RECORDED DATA:
+ + + + +
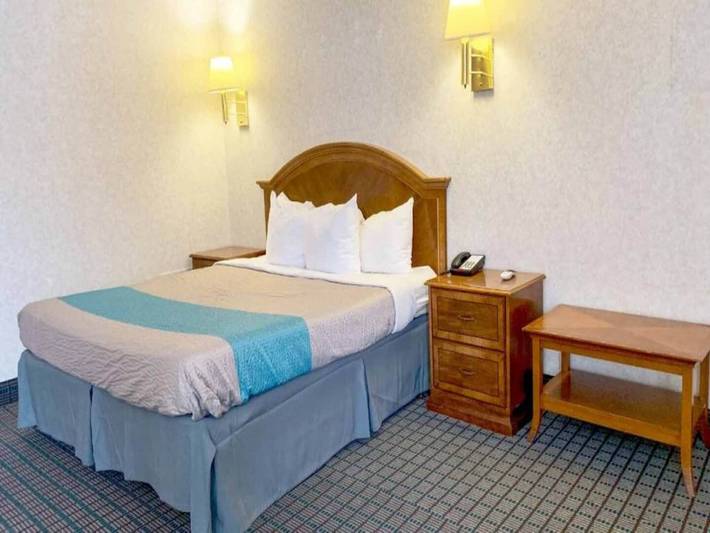 Apartamento entero, Acogedora habitación con cama king size | No fumadores in Condado de Cortland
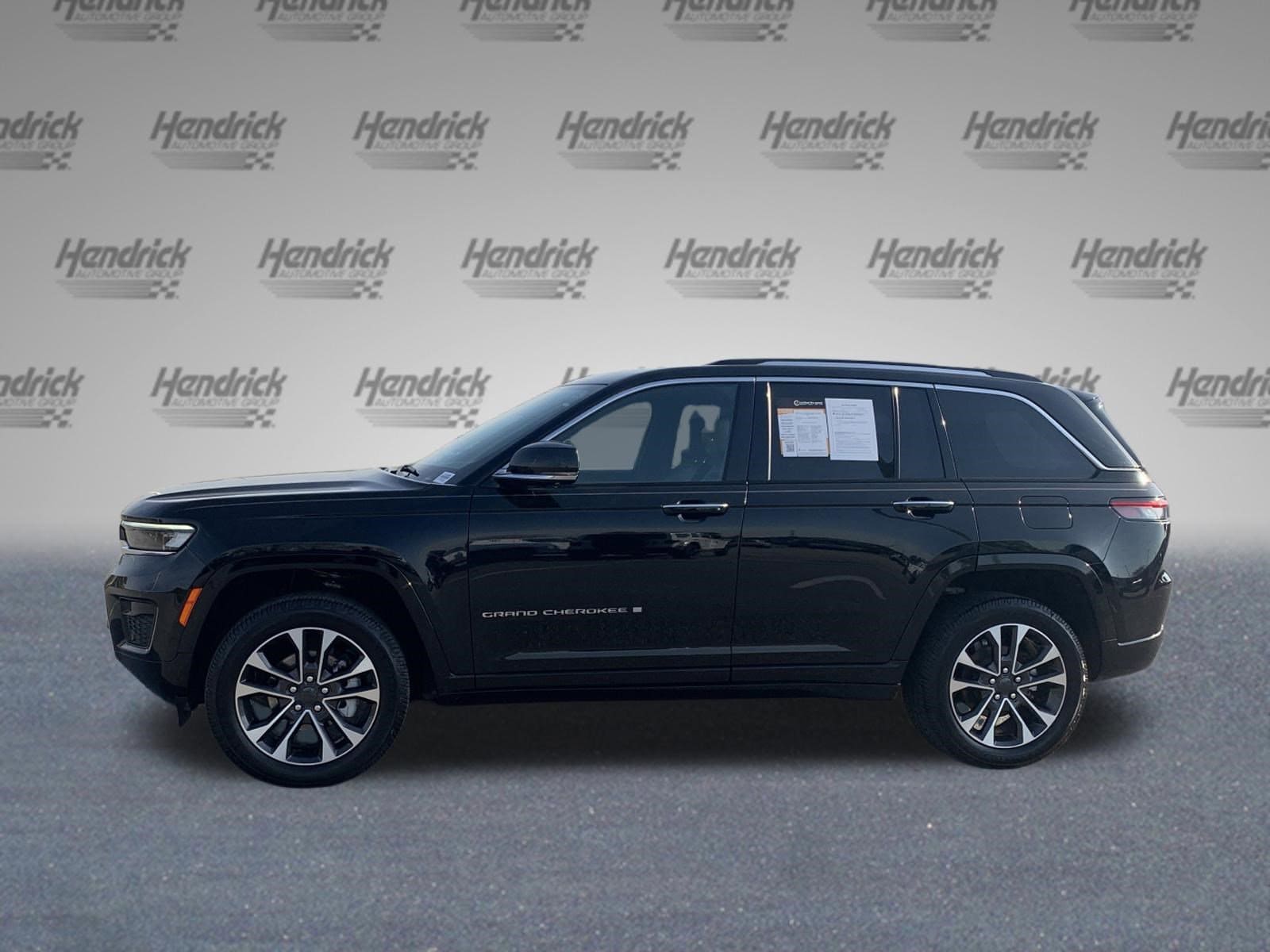 2023 Jeep Grand Cherokee Overland photo 5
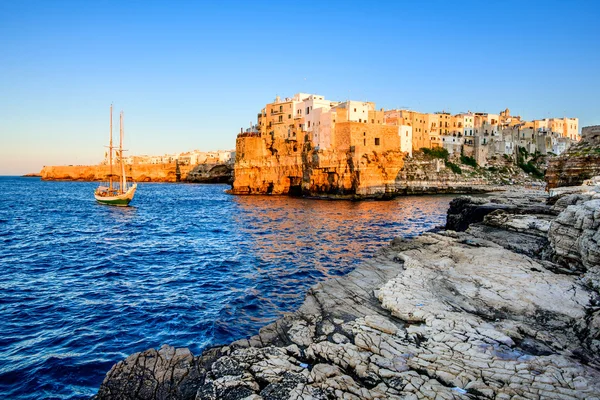 Polignano a Mare, Pulgia, Italy — Stock Photo, Image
+ + + + +
YOUR TASK: Repeat the material above verbatim. Leave the pictures behind.

ANSWER TO THIS TASK:
 Apartamento entero, Acogedora habitación con cama king size | No fumadores in Condado de Cortland
 2023 Jeep Grand Cherokee Overland photo 5
 Polignano a Mare, Pulgia, Italy — Stock Photo, Image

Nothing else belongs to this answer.